[Start of section]

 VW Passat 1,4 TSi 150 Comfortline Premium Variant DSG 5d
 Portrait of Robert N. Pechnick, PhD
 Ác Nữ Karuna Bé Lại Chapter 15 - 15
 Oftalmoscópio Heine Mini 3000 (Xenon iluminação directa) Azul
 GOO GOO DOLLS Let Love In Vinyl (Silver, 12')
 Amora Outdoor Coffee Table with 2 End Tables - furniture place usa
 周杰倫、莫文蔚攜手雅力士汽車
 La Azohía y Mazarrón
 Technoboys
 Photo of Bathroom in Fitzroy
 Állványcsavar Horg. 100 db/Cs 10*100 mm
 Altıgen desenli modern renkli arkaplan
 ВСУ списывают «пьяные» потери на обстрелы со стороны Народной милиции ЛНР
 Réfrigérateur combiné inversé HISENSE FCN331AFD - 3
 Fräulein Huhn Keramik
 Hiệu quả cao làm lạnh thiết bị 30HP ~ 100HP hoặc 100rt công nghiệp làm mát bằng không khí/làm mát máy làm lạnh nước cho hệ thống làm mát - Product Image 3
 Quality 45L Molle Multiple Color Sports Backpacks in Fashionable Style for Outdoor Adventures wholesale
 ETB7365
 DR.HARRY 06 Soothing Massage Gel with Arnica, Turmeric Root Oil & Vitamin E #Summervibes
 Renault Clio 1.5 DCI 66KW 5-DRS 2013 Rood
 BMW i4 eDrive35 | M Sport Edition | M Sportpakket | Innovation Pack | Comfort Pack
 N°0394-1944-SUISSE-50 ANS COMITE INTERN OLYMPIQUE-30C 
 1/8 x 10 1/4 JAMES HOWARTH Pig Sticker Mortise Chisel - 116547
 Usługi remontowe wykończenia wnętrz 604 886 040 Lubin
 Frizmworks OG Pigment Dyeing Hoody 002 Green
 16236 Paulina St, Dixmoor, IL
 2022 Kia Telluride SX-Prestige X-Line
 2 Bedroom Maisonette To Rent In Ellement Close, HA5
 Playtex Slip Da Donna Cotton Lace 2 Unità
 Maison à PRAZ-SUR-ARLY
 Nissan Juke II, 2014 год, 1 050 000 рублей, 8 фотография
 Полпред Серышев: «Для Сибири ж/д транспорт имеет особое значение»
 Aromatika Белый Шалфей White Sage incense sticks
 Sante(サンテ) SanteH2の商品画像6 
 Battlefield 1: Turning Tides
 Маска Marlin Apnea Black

[End of section]

* [Work to complete] The records above are to be duplicated in full and exactly.

* [Solution for this problem]
 VW Passat 1,4 TSi 150 Comfortline Premium Variant DSG 5d
 Portrait of Robert N. Pechnick, PhD
 Ác Nữ Karuna Bé Lại Chapter 15 - 15
 Oftalmoscópio Heine Mini 3000 (Xenon iluminação directa) Azul
 GOO GOO DOLLS Let Love In Vinyl (Silver, 12')
 Amora Outdoor Coffee Table with 2 End Tables - furniture place usa
 周杰倫、莫文蔚攜手雅力士汽車
 La Azohía y Mazarrón
 Technoboys
 Photo of Bathroom in Fitzroy
 Állványcsavar Horg. 100 db/Cs 10*100 mm
 Altıgen desenli modern renkli arkaplan
 ВСУ списывают «пьяные» потери на обстрелы со стороны Народной милиции ЛНР
 Réfrigérateur combiné inversé HISENSE FCN331AFD - 3
 Fräulein Huhn Keramik
 Hiệu quả cao làm lạnh thiết bị 30HP ~ 100HP hoặc 100rt công nghiệp làm mát bằng không khí/làm mát máy làm lạnh nước cho hệ thống làm mát - Product Image 3
 Quality 45L Molle Multiple Color Sports Backpacks in Fashionable Style for Outdoor Adventures wholesale
 ETB7365
 DR.HARRY 06 Soothing Massage Gel with Arnica, Turmeric Root Oil & Vitamin E #Summervibes
 Renault Clio 1.5 DCI 66KW 5-DRS 2013 Rood
 BMW i4 eDrive35 | M Sport Edition | M Sportpakket | Innovation Pack | Comfort Pack
 N°0394-1944-SUISSE-50 ANS COMITE INTERN OLYMPIQUE-30C 
 1/8 x 10 1/4 JAMES HOWARTH Pig Sticker Mortise Chisel - 116547
 Usługi remontowe wykończenia wnętrz 604 886 040 Lubin
 Frizmworks OG Pigment Dyeing Hoody 002 Green
 16236 Paulina St, Dixmoor, IL
 2022 Kia Telluride SX-Prestige X-Line
 2 Bedroom Maisonette To Rent In Ellement Close, HA5
 Playtex Slip Da Donna Cotton Lace 2 Unità
 Maison à PRAZ-SUR-ARLY
 Nissan Juke II, 2014 год, 1 050 000 рублей, 8 фотография
 Полпред Серышев: «Для Сибири ж/д транспорт имеет особое значение»
 Aromatika Белый Шалфей White Sage incense sticks
 Sante(サンテ) SanteH2の商品画像6 
 Battlefield 1: Turning Tides
 Маска Marlin Apnea Black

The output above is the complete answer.